Several new developments in recent weeks could have significant implications for airports and their financial arrangements. This special Airport Law Alert addresses these recent developments. Of particular note, legislation was introduced in Congress and the Internal Revenue Service has issued a private letter ruling, each of which may be beneficial to airports. There have also been two recent decisions that have significant precedential importance for airports nationwide.


On November 15, Senators Duckworth and Perdue introduced the TIFIA for Airports Act, which would expand the types of projects eligible for inclusion in the TIFIA program to include airport capital projects that are eligible for funding with passenger facility charges. The Transportation Infrastructure Finance and Innovation Act (TIFIA) provides credit assistance for qualified surface transportation projects but airport projects have not been eligible for this program.

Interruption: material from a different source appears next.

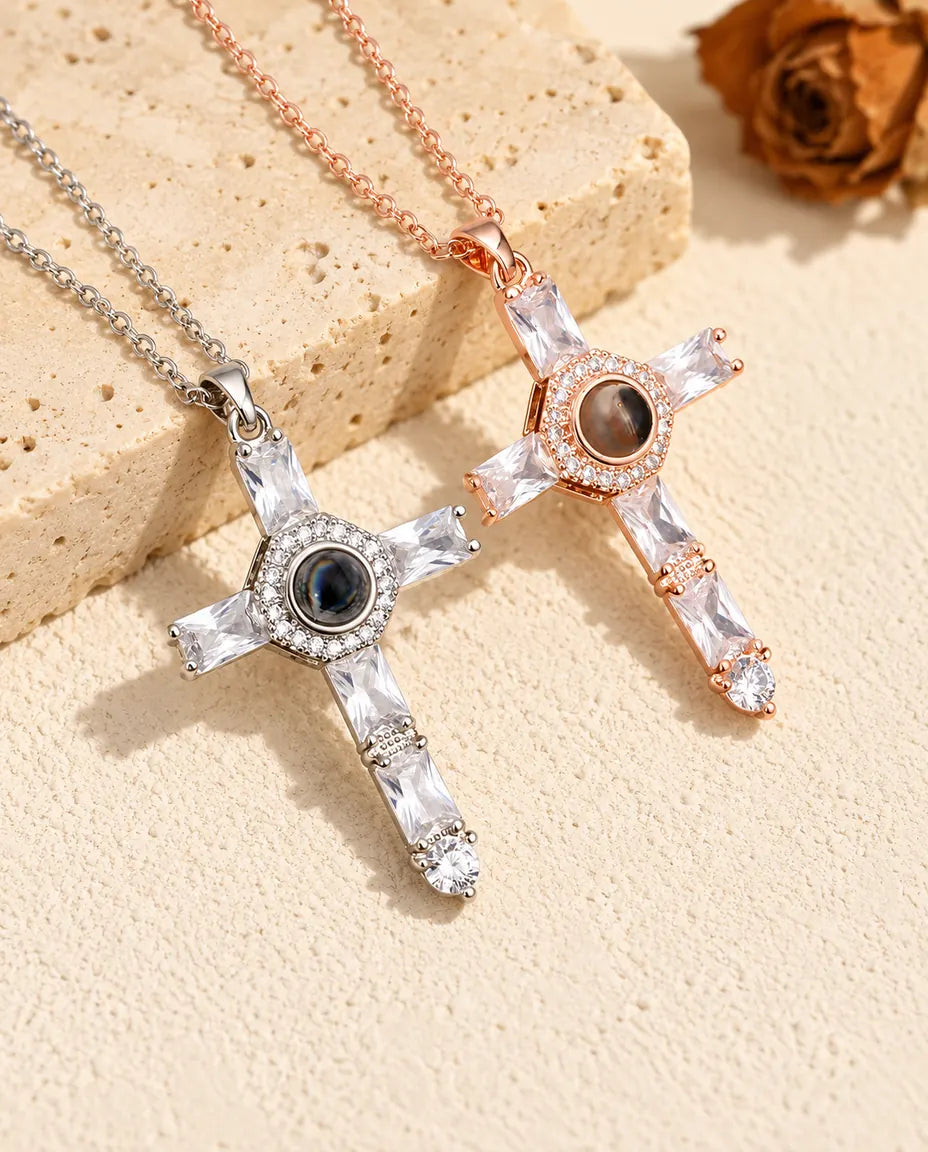 Colliers croix en zircons argenté et couleur or rose posés sur du travertin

The bill would make $10 million available for subsidy costs of TIFIA credit assistance agreements entered into prior to September 30, 2020. If enacted, the TIFIA for Airports Act would leverage this subsidy to provide a valuable new tool for low-cost financing for airport projects. The Department of Transportation’s Build America Bureau, which administers the TIFIA program, has been seeking ways to broaden the program to support airport development. It is important to note that a number of multi-modal airport projects have already benefitted from TIFIA loans or loan guarantees. While it is always difficult to provide a prognosis for legislation in this Congress, the fact that it has bipartisan support gives the bill a greater-than-usual likelihood of being enacted. We will continue to monitor this proposal. For more information, please contact Brent Butzin or Dave Bannard.

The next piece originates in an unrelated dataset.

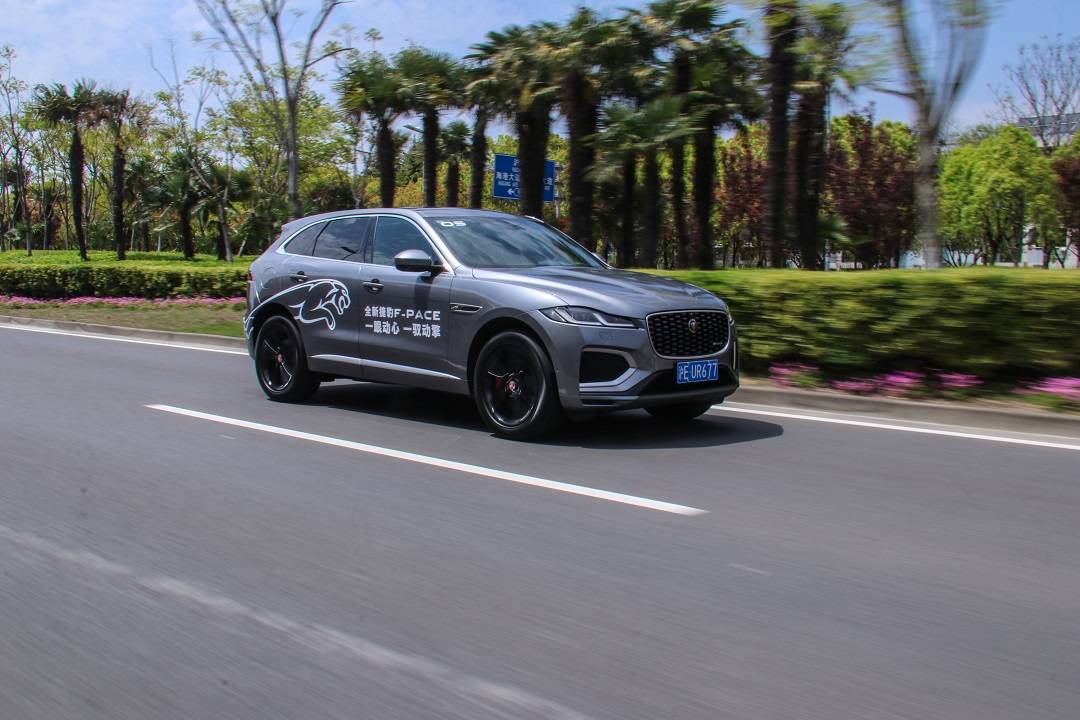 豹力美学典范换装英杰力30t发动机全新捷豹fpace试驾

A private letter ruling issued by the Internal Revenue Service on November 23 clarifies how airports can maintain compliance with private activity bond requirements when developing non-traditional revenue sources from terminal concessions. Tax exempt bonds issued to finance terminals at airports are typically issued as qualified airport private activity bonds under section 142(a)(1) of the Internal Revenue Code. That section requires that at least 95 percent of the net proceeds of the bonds must be applied to provide airport facilities, but certain types of facilities, such as a health club facility, a facility primarily used for gambling or a store, the principal business of which is the sale of alcoholic beverages for consumption off premises, are prohibited uses of such bond proceeds.

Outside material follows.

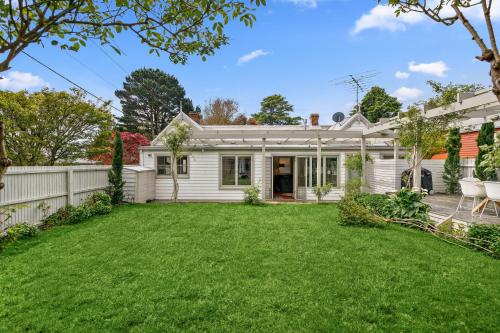 Picturesque 3-Bed Rural Cottage with a Lush Garden in Burrawang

The airport sponsor that sought the private letter ruling anticipated that, as part of its concession program, it was likely to have one or more shops the principal business of which would be selling alcoholic beverages for consumption off premises, such as a wine store. The airport sponsor proposed to contribute a certain sum of funds generated from airport revenues, and not from its revenue bonds (“equity”), and allocate that equity to finance the capital costs associated with the build-out in the terminal for the prohibited use. The sponsor also noted that it expected that over the life of the terminal facility, it was probable that the shop selling alcoholic beverages would be relocated one or more times. The IRS looked to the statutory history of the original provision prohibiting such uses and found that the application of a reasonable allocation method, such as proposed by the airport sponsor would not cause the interest on the bonds issued to fund the remaining terminal improvements to become taxable.

The primary lesson from this private letter ruling is that airports would be prudent to consider allocating the airport sponsor’s own funds to pay a certain percentage of the cost of terminal improvements to ensure that the sponsor retains the flexibility to take advantage of new concession opportunities that might not otherwise be permitted if 100 percent of the costs of the terminal were funded from tax exempt bond proceeds. This allocation can be done on a floating basis, in other words, the equity contributed by the airport sponsor can be allocated to capital costs associated with a prohibited use, rather than a specific portion of the terminal, so that the prohibited use can be moved within the terminal.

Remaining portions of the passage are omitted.